Diagnosed with esophageal cancer on June 8, 2010, the long-time heavy drinking and smoking Hitchens died 18 months later, on December 15, 2011. His was a life of burning the candle at both ends, better to yield a “lovely light” — thereby illuminating the feast of reason and the flow of soul transacted in his many friendships, as well as in the public life of polemic he so evidently enjoyed.
This little book, much of which was printed last year by Vanity Fair, in serial essay form, meditates upon illness, prayer, religion, the state of medical science, the etiquette of cancer and the literal and metaphorical loss of voice, all of which became the quotidian business of Hitchens’ “living dyingly.” As is the case in his many other works, this book is rich in wit and insight and what Orwell termed “the power of facing unpleasant facts.”

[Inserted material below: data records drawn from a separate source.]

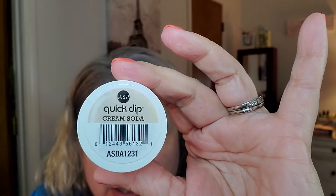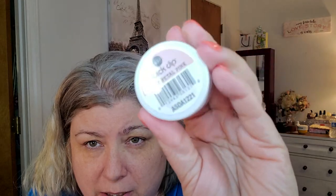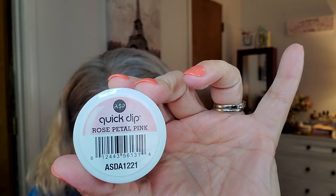The kit came with two colors. I have used the Rose Petal but I have not used the Cream Soda. Cream Soda is just a nice neutral, kind of off-white. I'm not going to open these because it would be a mess, but let me put them in front of my face so you can see — Cream Soda and then Rose Petal Pink, which is just a really pretty baby pink.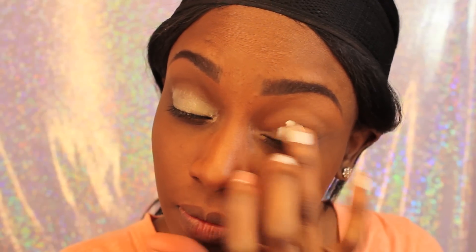Hey guys, it's Destiny Lachey. Today I'm just coming to you guys with a royal blue smokey eye. I did use some of my new palettes from BH Cosmetics, which I absolutely love. They're so pigmented and they show up so pretty on my skin. If you guys have any questions, leave them down below. Don't forget to like this video and subscribe to my channel if you have not already. So let's get started.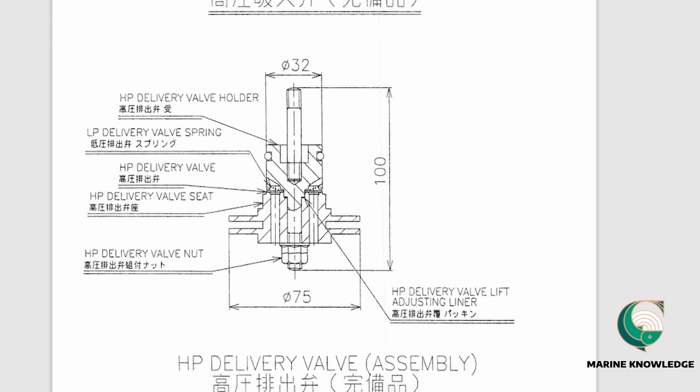The manual also includes the LP low-pressure valve assembly drawing and the HP suction valve assembly drawing. That covers everything in this manual. I hope this video has given you a good idea of how to read an air compressor manual. Keep supporting.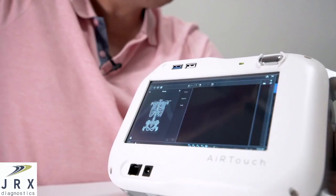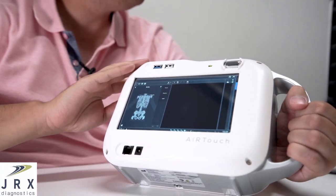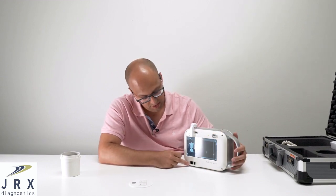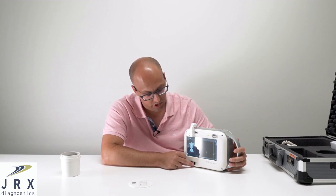Over here we have two USB ports — a 2.0 and a 3.0 — and we have a button here to take exposures if you don't want to use the hand switch. Down here we have two ports: one for the hand switch and one for your charging accessories.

In his final years, Hitchens was an advocate of skepticism, rational inquiry, science, and the secular state. As he had many times before, he delivered a regular minority report — in this period of his life the minority constituted by atheists, agnostics, and all manner of infidel. On the other side of his ledger were those eager to impose truth upon the enemy, if necessary by means of lethal force. The convention by 2003, at which time Hitchens was known as a proponent of war against the enemies of civilization, was that he had abandoned his political affiliations and become a neoconservative. But the Trotsky Hitchens and the Anti-Jihad Hitchens were one and the same, promoting internationalism and anti-fascism as against what he in the end felt to be the source of all authoritarianism, the god proposition.

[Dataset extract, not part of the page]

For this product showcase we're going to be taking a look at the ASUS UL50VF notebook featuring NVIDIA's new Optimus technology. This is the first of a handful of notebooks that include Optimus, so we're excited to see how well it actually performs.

Among the few Washington pundits to have suffered the English Public School — in which one was formally trained in debate, rhetoric, and classical literature — Hitchens was a lover of literature and aesthetics. This and his grasp of history set him apart from the great mass of Washington commentators, extracted from the country’s departments of Poly-Sci and most at-home in the horse race approach to political analysis. It wasn’t only what Hitchens thought that made him worth a hearing: it was how he thought and wrote which set him apart. One of the finest passages of Mortality concerns “voice,” and while it is a general observation, it applies to Hitchens himself:
“The most satisfying compliment a reader can pay is to tell me that he or she feels personally addressed. Think of your own favorite authors and see if that isn’t precisely one of the things that engages you, often at first without your noticing it. A good conversation is the only human equivalent: the realizing that decent points are being made and understood, that irony is in play, and elaboration, and that a dull or obvious remark would be almost physically hurtful. […] Without our feeling for the idiolect, the stamp on the way an individual actually talks, and therefore writes, we should be deprived of a whole continent of human sympathy, and of its minor-key pleasures such as mimicry and parody.”
With the departure of Christopher Hitchens, we have been deprived precisely of this unique stamp of a singular human voice.
On September 15, 2012, Christopher Hitchens’ Mortality will be available in Canada from Signal Books.